Simple op-amp analysis.

Discussion in 'Homework Help' started by tAllann, Oct 26, 2013.

  1. tAllann

    Thread Starter New Member

    Oct 26, 2013

    The book says that it is obvious that V0 is the negative of the ratio of the "feedback" resistor (8k ohms) to the input resistor (2k ohms) multiplied by the voltage the input terminal, thus it is -8 volts.

    It may be that my brain is currently fired, but the ratio of the resistors part through me for a loop. I was looking back trying to find the rule that allows that analysis to be done.

    I understand that the voltage at the node adjoining the 8 and 2 ohm resistors is 0. Before the 2 ohm resistor, the voltage is obviously 2 volts, and so the current flowing through both resistors is 1 Amp, so 1 Amp, and amp across the 8 ohm resistor yields a voltage drop of 8 volts. I just didn't understand the rule about the "ratio of the resistors".

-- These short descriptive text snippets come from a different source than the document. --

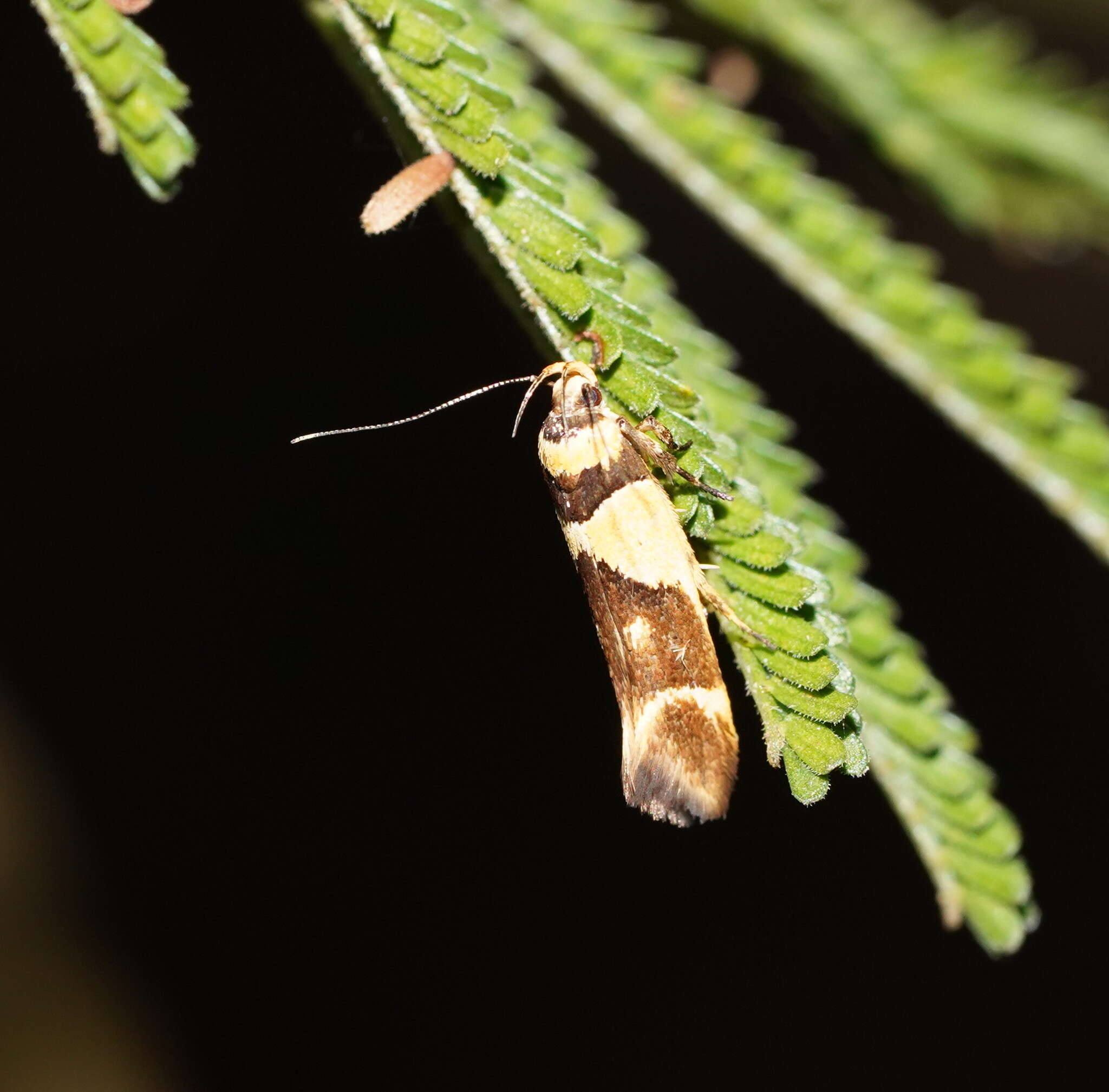 Image of Macrobathra chrysotoxa Meyrick 1886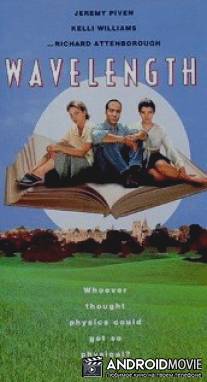 Формула успеха / E=mc2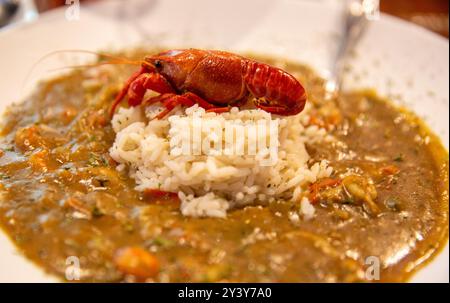 Flusskrebse Etouffee serviert mit Reis Stockfoto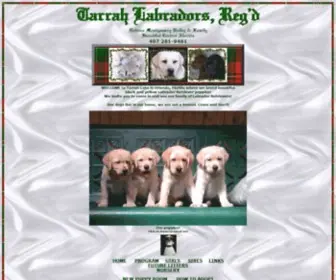 Tarrahlabs.com(Tarrah Labrador Retrievers Orlando Breeder Lab puppies) Screenshot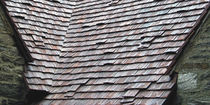 clay flat roof tile ANTIQUE Ludowici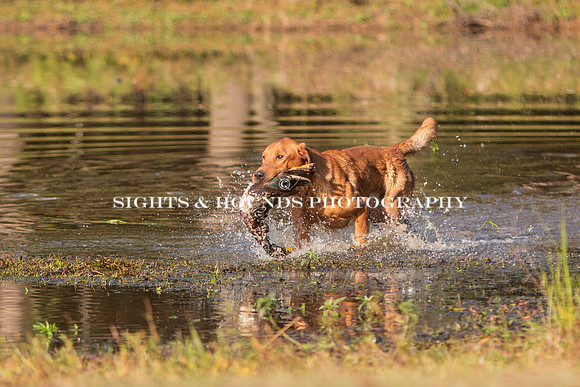NEUSE RETRIEVER CLUB FALL HUNT TEST 2020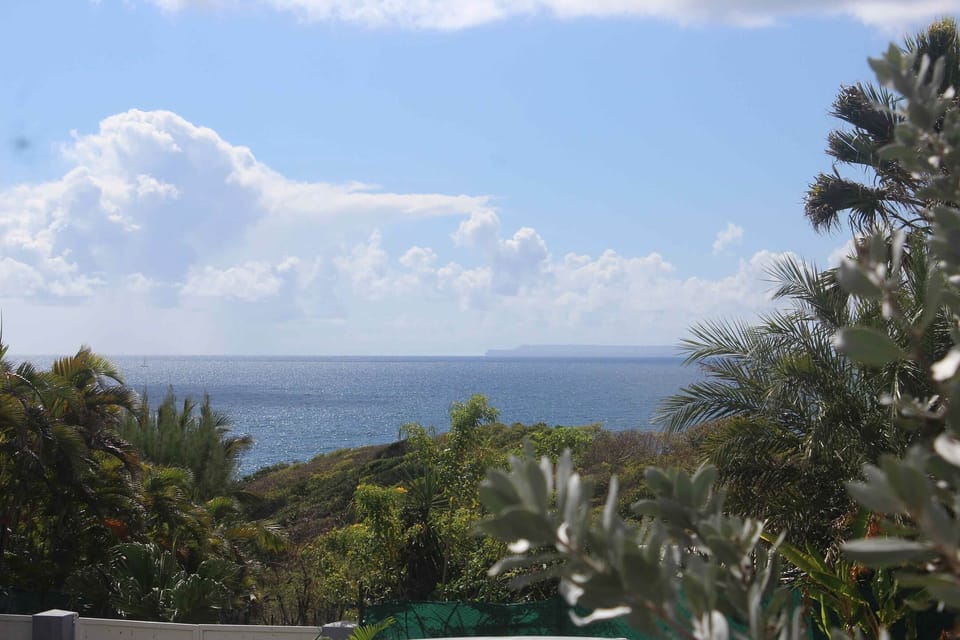 Iguane House villas & Micro Spa Villa Mangrove et sa vue mer sur Marie Galante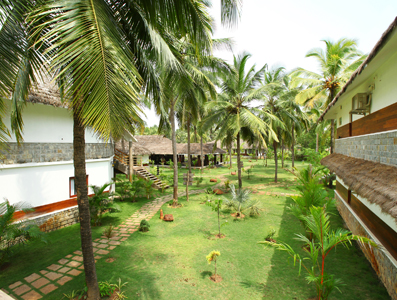 Portfolio Image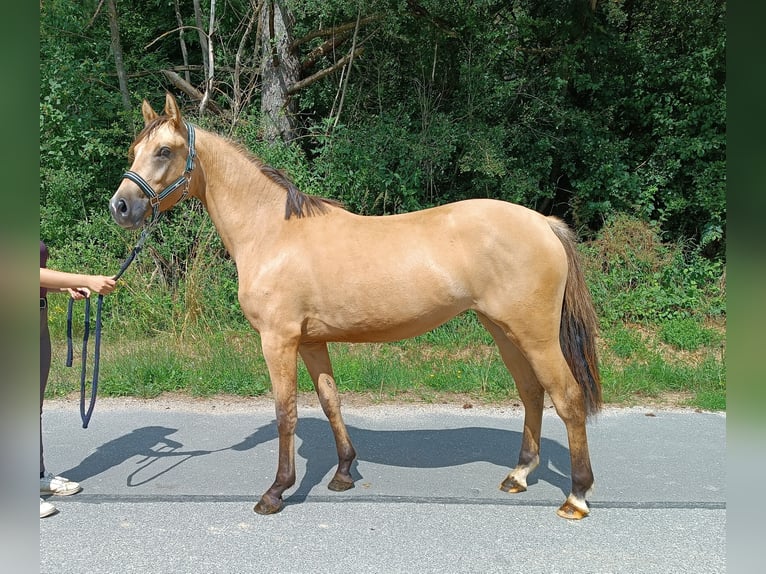 Deutsches Reitpony Stute 3 Jahre 145 Cm Falbe In Plech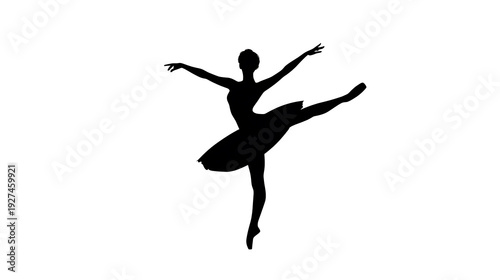 A graceful silhouette of a ballet dancer in mid-performance, exuding elegance and poise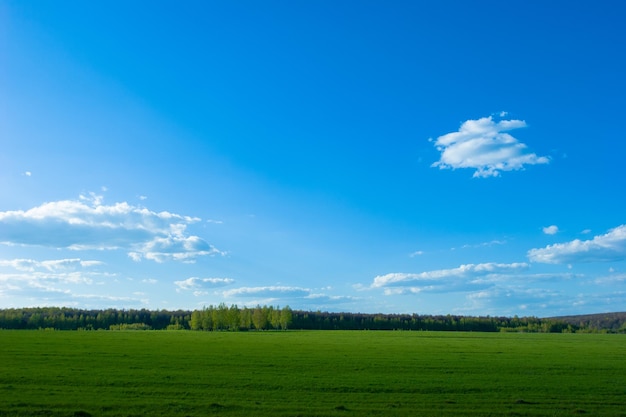 Green field landscape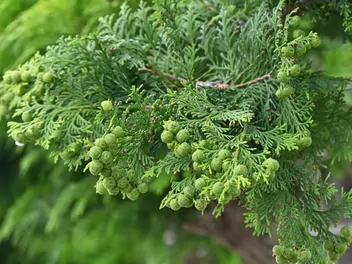 Cyprysik japoński 'Gracilis' - zdjęcie 5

    And you can't use voltage division right. Because 2 * 2 / 10 does not equal 2 ... But why can't you use voltage division?

    EDIT: My brain must be fried, I posted this in the wrong forum. Sorry about this. If you can move the thread that would be helpful. Thank you.
  2. LvW

    Active Member

    Jun 13, 2013
    tAllan, at first you mix ohms with kohms.
    At second, there are different ways to compute the gain.
    You have started already with the assumption that the voltage at the inverting opamp terminal is zero (in fact it is some mikrovolts, however it is common usage to neglect this small voltage).
    Now you can apply the superposition rule for this zero voltage that is caused by both the input signal and the output signal. This leads to the ratio Vout/Vin.
    Other methods use the current through the resistors or the classical feedback model with the feedback factor R1/(R1+R2).

    EDIT: "And you can't use voltage division"
    Of course, you can - no, you must if using the superposition principle(you have two voltage sources!).
    Last edited: Oct 26, 2013
    tAllann likes this.
  3. WBahn


    Mar 31, 2012
    Be sure that you understand that the voltage at the inverting input of the opamp is 0V only because two things are assumed to be true: First, that the opamp is operating in its linear (i.e., active) region; and second, that the gain of the opamp is sufficiently high so that there is very little voltage difference between the two inputs of the opamp. Many people make the mistake of just assuming that the voltage at the opamp inputs are 0V. In general, that isn't true. In this case, the voltage at the inverting input is 0V, even given these assumptions, only because the voltage at the non-inverting input is rigidly ties to 0V.

    Next, the analysis you did was just fine and will reveal the answer, but it is best seen by using symbolic values instead of specific resistor values and voltages.

    So let's say that the input voltage if Vin and the output voltage is Vout. Let's further say that the input resistor (the 2kΩ resistor) resistor Rin and the feedback resistor (the 8kΩ resistor) Rf.

    Answer the following with the symbolic quantities:

    Q1) What is the current (left to right) through R1?

    Q2) What is the voltage drop across R2 (positive at left side of R2)?

    Q3) What is the output voltage in terms of the input voltage?

    Q4) Do you see where the ratio of resistors comes from?
    tAllann likes this.
  4. ErnieM

    AAC Fanatic!

    Apr 24, 2011
    Your analysis is spot on, now let's work on that rule about the "ratio of the resistors".

    Oh, I hate that term lol. But it works well enough here.

    The current thru the 2K is Vin/2K. Call this I = Vin/R1.

    The voltage across the 8K is 8K*I. Call this Vo=-R2*I

    (Bang back if you don't see where the "minus one" comes from.)

    Now put eq2 into eq1:

    Vo = -R2* Vin/R1

    Divide both sides by Vin:

    Vo/Vin = -R2/R1 = Gain

    It just follows from the math for the general case.
    tAllann likes this.
  5. tAllann

    Thread Starter New Member

    Oct 26, 2013
    Thanks. I completely understand now.